What you are asked to do: From the data below, return the exact lines starting at the line containing "Tantrischer Garuda aus" and ending at the line containing "Distressed Ash Gray", both included, and nothing else.

Records shown:
==============================

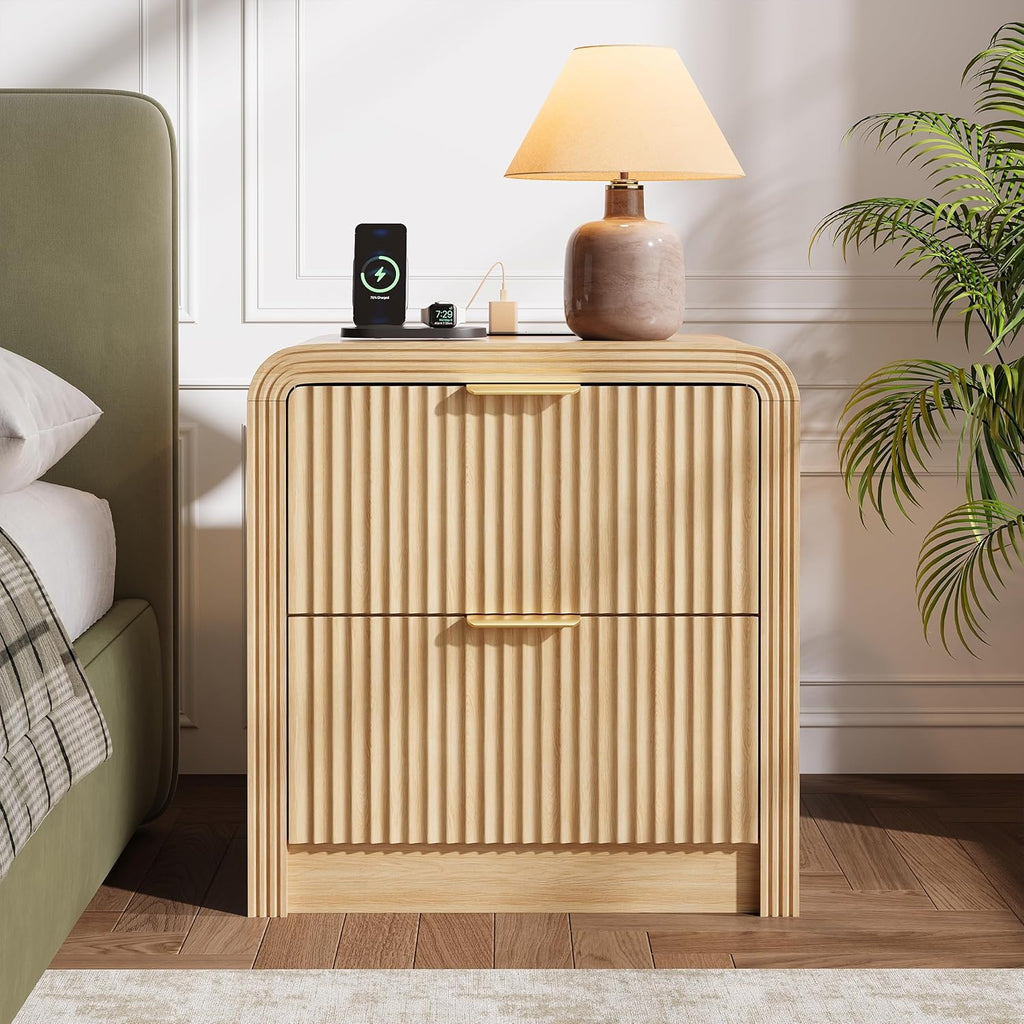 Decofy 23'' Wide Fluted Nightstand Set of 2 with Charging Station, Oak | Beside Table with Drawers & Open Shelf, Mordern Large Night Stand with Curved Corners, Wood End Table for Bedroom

==============================

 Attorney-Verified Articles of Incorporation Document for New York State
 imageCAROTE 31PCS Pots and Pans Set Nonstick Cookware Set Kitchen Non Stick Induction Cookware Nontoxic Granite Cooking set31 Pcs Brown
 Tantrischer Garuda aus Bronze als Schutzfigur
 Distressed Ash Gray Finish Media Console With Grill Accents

==============================

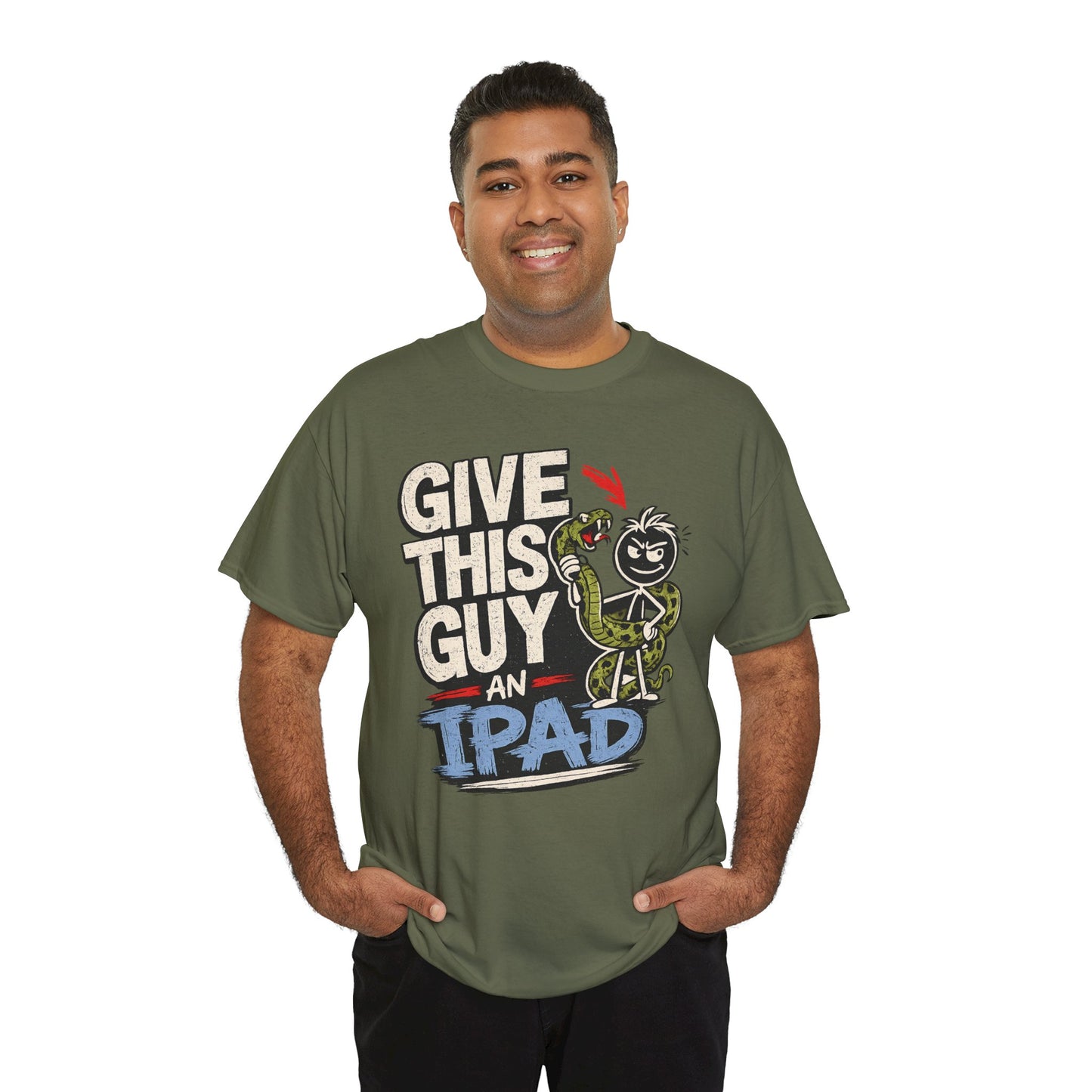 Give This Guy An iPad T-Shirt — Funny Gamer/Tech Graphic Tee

==============================

Exercise result:
 Tantrischer Garuda aus Bronze als Schutzfigur
 Distressed Ash Gray Finish Media Console With Grill Accents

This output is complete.